Artificial intelligence Shines Light On The Dark Web, Beneath the surface web, the public forum of the internet you use daily to check email or read news articles, exists a concealed “dark web.” Host to anonymous, password-protected sites, the dark web is where criminal marketplaces thrive in the advertising and selling of weapons, drugs, and trafficked persons. Law enforcement agencies work continuously to stop these activities, but the challenges they face in investigating and prosecuting the real-world people behind the users who post on these sites are tremendous.

“The pop-up nature of dark-web marketplaces makes tracking their participants and their activities extremely difficult,” says Charlie Dagli, a researcher in MIT Lincoln Laboratory’s Artificial Intelligence Technology and Systems Group. Dagli is referring to the fast rate at which dark-web markets close down (because they are hacked, raided, abandoned, or set up as an “exit scam” in which the site shuts down intentionally after customers pay for unfulfilled orders) and new ones appear. These markets’ short lifetimes, from a few months to a couple of years, impede efforts to identify their users.

To overcome this challenge, Lincoln Laboratory is developing new software tools to analyze surface- and dark-web data.

These tools are leveraging the one benefit this whack-a-mole-like problem presents — the connections sellers and buyers maintain across multiple layers of the web, from surface to dark, and across dark-web forums. “This constant switching between sites is now an established part of how dark-web marketplaces operate,” Dagli says.
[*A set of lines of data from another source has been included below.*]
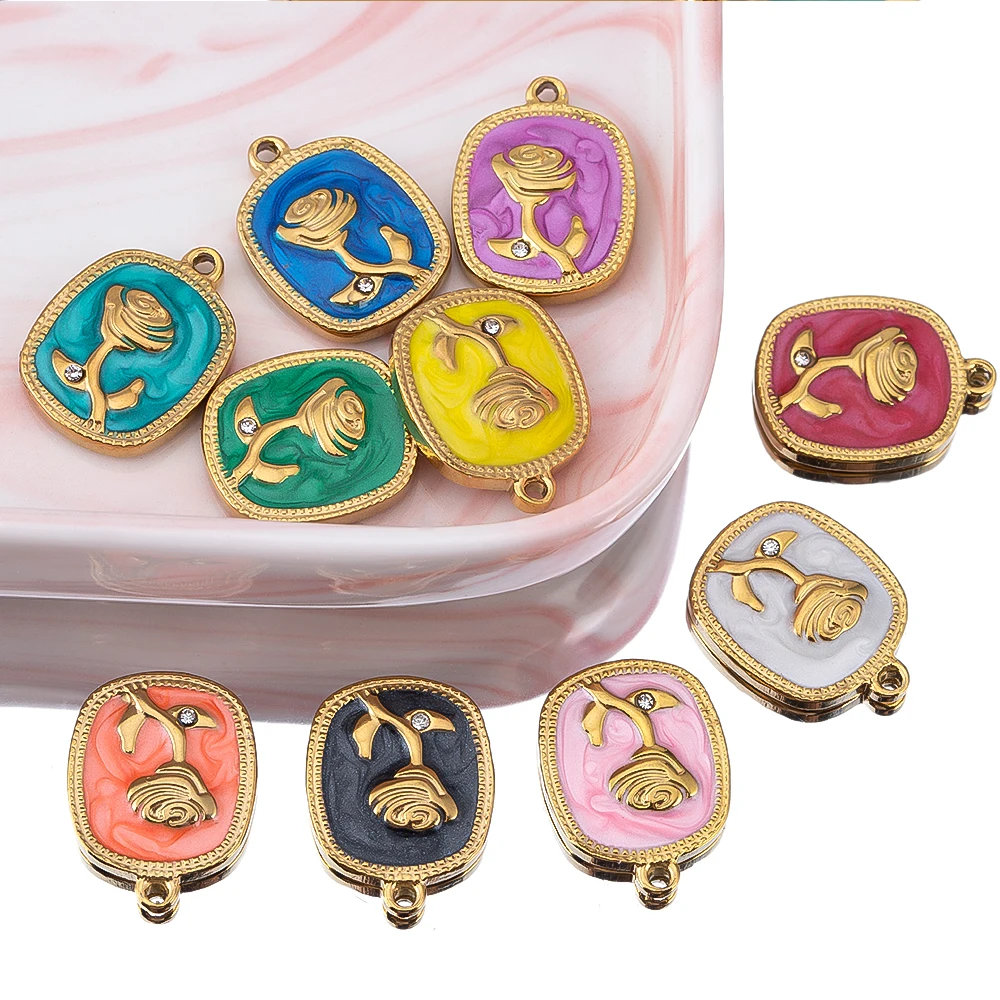 2/5pcs French Style Gold Color Stainless Steel Dripping Oil Diamond Inlaid With Rose Pattern Pendant For DIY Necklace Materials
2/5pcs French Style Gold Color Stainless Steel Dripping Oil Diamond Inlaid With Rose Pattern Pendant For DIY Necklace Materials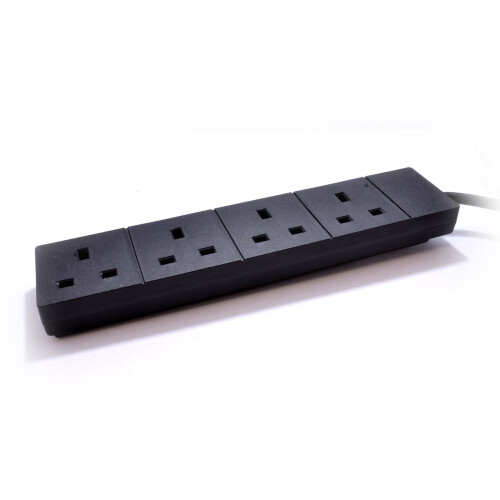 kenable 4 Gang Way UK Trailing Socket Mains Power Extension Lead Black  5m 1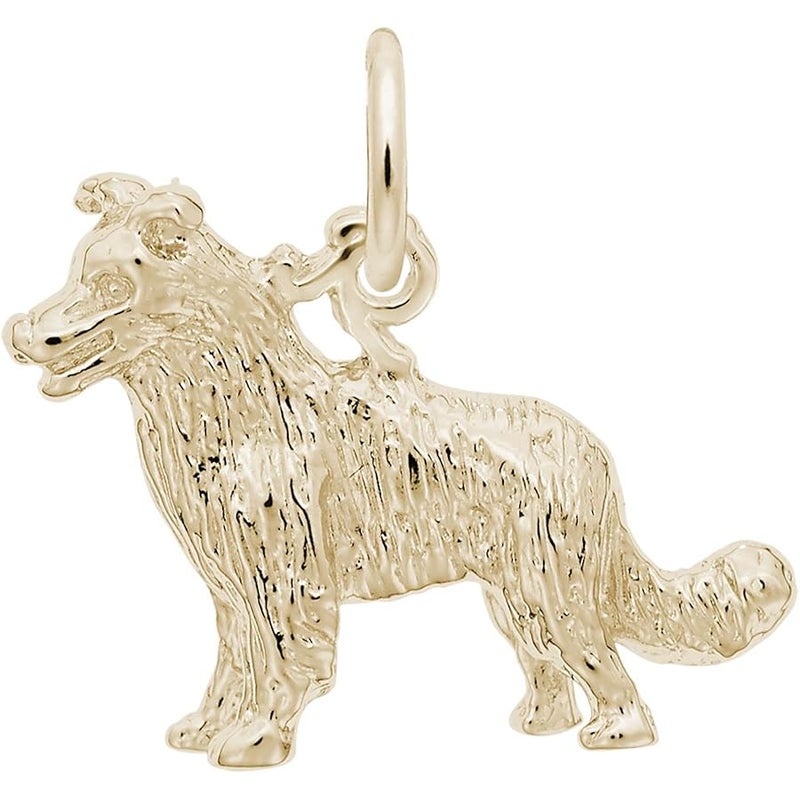 10k Yellow Gold Border Collie Dog Charm, Charms for Bracelets and Necklaces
Users are making new profiles constantly. Although they may not be employing the same usernames from site to site, they are keeping their connections alive by signaling to each other through their content. These signals can be used to link personas belonging to the same user across dark-web forums and, more revealingly, to link personas on the dark web to the surface web to uncover a user’s true identity.

Linking users on the dark web is what law enforcement already tries to do. The problem is that the amount of data that they need to manually shuffle through — 500,000 phone numbers and 2 million sex ads posted a month — is too large and unstructured for them to find connections quickly. Thus, only a low percentage of cases can be pursued.

To automate the persona-linking process, Lincoln Laboratory is training machine learning algorithms to compute the similarity between users on different forums. The computations are based on three aspects of users’ communications online: “How they identify to others, what they write about, and with whom they write to,” Dagli explains.